[Activity]: Repeat exactly, and only, the lines of the entries below from the one with "Load image into Gallery viewer, Glass" through the one with "Prada Navy Blue", both ends included.

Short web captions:
——————————

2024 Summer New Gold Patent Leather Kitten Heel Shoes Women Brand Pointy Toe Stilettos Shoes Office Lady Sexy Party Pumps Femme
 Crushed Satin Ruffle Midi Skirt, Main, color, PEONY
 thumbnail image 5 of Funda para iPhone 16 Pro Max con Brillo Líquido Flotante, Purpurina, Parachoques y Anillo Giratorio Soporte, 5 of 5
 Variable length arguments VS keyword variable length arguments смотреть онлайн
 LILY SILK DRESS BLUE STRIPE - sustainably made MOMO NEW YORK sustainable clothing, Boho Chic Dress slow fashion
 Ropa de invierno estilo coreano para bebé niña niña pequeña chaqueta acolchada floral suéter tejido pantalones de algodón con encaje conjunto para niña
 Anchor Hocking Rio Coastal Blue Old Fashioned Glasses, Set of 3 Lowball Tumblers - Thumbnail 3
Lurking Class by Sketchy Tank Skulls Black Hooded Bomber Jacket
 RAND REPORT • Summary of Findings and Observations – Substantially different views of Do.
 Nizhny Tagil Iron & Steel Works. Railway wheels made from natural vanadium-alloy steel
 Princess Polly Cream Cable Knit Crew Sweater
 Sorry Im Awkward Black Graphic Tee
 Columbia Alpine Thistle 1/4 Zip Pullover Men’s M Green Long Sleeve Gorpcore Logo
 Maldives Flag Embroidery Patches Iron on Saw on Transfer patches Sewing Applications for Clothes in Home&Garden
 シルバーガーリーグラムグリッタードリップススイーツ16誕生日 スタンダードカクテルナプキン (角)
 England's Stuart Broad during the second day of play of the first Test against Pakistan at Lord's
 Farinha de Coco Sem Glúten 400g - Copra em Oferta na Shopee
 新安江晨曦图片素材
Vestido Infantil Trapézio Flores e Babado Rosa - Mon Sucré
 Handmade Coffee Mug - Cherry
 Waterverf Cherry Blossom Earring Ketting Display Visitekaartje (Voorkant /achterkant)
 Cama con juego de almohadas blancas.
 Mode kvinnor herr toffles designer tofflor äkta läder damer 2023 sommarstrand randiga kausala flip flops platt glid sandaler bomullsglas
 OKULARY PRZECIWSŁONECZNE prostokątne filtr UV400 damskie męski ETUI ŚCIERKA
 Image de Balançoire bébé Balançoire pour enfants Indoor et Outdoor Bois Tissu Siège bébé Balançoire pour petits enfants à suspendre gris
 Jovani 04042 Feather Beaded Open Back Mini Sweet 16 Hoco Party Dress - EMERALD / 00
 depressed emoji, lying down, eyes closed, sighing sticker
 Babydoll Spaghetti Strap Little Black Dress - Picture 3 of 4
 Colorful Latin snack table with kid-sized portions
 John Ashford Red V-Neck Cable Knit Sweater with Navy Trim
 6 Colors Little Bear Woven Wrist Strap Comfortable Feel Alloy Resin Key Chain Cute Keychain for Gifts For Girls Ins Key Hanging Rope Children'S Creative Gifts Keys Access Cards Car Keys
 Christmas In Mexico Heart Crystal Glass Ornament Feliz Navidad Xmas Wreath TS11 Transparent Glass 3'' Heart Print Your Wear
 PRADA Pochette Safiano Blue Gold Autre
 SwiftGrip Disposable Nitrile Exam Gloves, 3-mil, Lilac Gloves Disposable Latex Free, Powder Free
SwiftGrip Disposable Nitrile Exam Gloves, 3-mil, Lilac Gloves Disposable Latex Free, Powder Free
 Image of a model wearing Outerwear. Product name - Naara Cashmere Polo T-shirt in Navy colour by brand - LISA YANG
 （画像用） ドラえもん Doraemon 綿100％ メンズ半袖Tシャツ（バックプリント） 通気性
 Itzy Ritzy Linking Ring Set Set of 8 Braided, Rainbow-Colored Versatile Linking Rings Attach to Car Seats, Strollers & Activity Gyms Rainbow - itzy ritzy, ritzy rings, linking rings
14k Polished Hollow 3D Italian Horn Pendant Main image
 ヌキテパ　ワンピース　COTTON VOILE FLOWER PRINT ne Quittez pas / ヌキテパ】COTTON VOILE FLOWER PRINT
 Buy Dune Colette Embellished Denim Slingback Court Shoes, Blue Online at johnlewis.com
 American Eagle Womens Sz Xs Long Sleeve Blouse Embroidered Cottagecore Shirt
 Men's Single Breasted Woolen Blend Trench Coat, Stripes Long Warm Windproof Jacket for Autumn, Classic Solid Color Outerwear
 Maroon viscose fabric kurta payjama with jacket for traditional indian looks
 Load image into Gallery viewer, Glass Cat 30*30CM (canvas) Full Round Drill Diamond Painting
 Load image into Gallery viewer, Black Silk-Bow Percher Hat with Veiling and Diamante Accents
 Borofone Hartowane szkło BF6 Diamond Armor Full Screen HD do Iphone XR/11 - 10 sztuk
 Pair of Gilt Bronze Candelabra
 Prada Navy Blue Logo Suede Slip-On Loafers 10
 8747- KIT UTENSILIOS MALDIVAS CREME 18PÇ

——————————

[Answer to the problem]:
 Load image into Gallery viewer, Glass Cat 30*30CM (canvas) Full Round Drill Diamond Painting
 Load image into Gallery viewer, Black Silk-Bow Percher Hat with Veiling and Diamante Accents
 Borofone Hartowane szkło BF6 Diamond Armor Full Screen HD do Iphone XR/11 - 10 sztuk
 Pair of Gilt Bronze Candelabra
 Prada Navy Blue Logo Suede Slip-On Loafers 10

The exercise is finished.